## YOUR OBJECTIVE
Go through the listing below and retype exactly the lines starting at the one with "Franz Ludwig Catel" and ending at the one with "Pre-Loved Chanel™ Tan", skipping pictures.

## AVAILABLE DATA
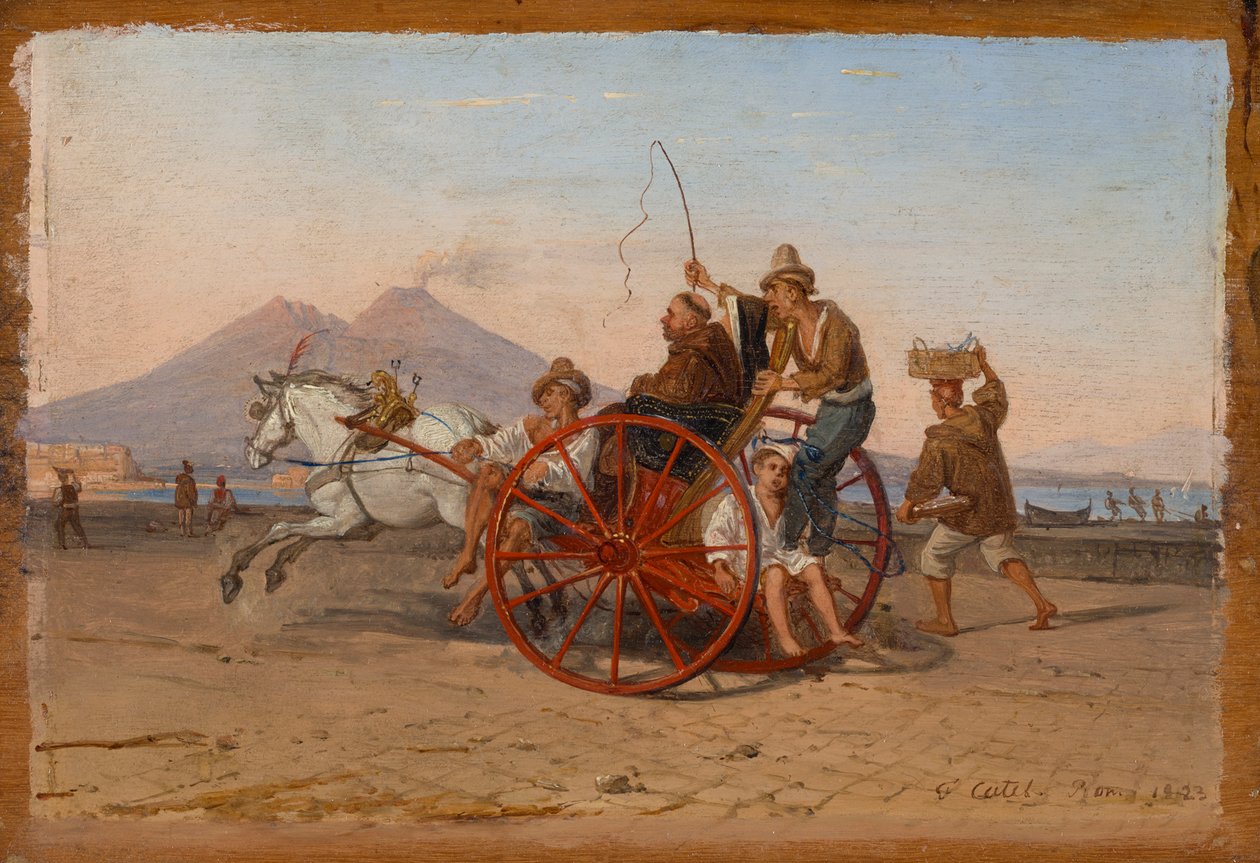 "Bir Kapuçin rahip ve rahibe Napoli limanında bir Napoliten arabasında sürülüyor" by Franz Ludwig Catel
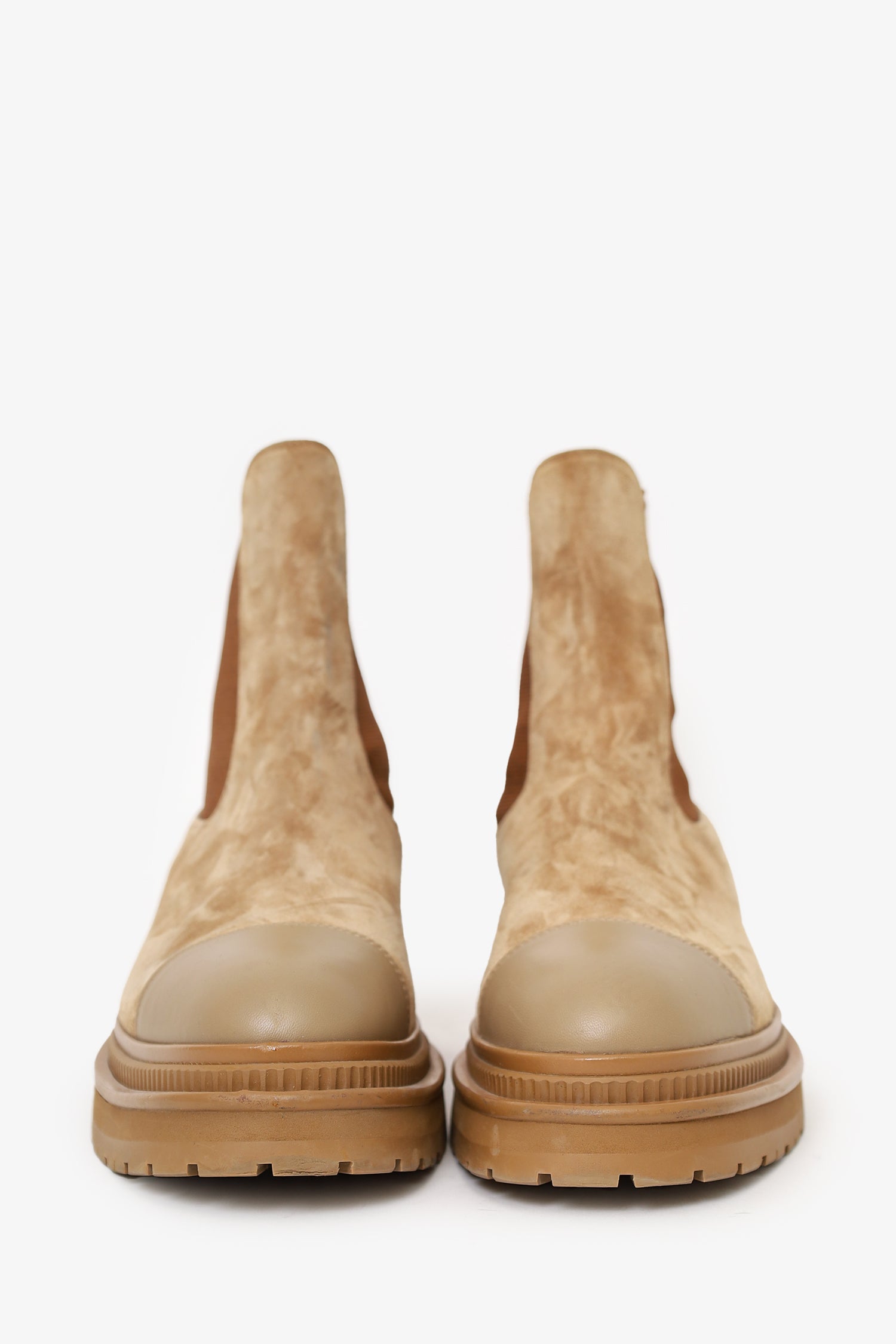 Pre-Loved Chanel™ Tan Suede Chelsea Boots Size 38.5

...

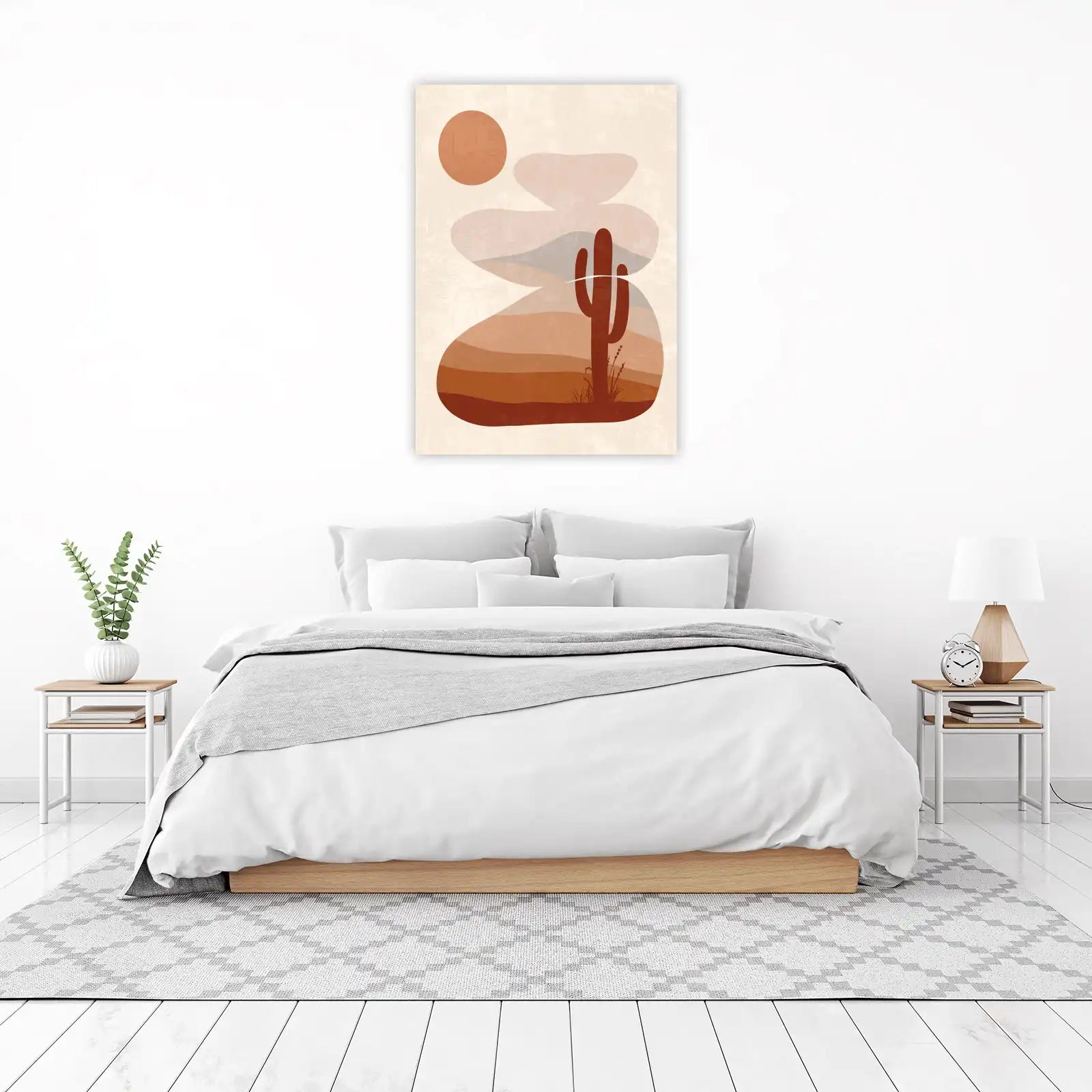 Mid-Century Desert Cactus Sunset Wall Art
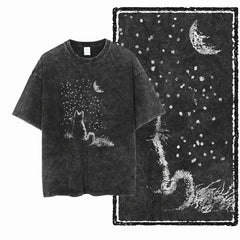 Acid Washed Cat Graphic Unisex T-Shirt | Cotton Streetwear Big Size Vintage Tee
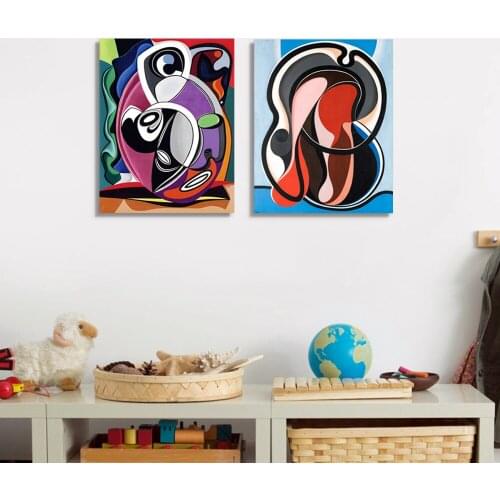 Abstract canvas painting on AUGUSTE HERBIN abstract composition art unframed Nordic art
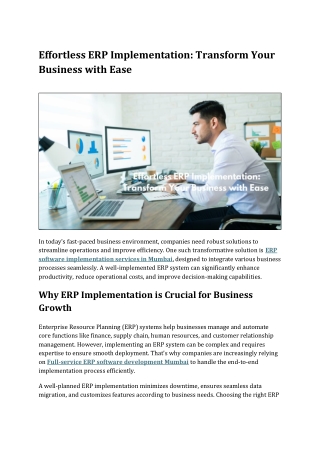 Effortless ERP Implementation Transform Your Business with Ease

## PROBLEM SOLUTION
 "Bir Kapuçin rahip ve rahibe Napoli limanında bir Napoliten arabasında sürülüyor" by Franz Ludwig Catel
 Pre-Loved Chanel™ Tan Suede Chelsea Boots Size 38.5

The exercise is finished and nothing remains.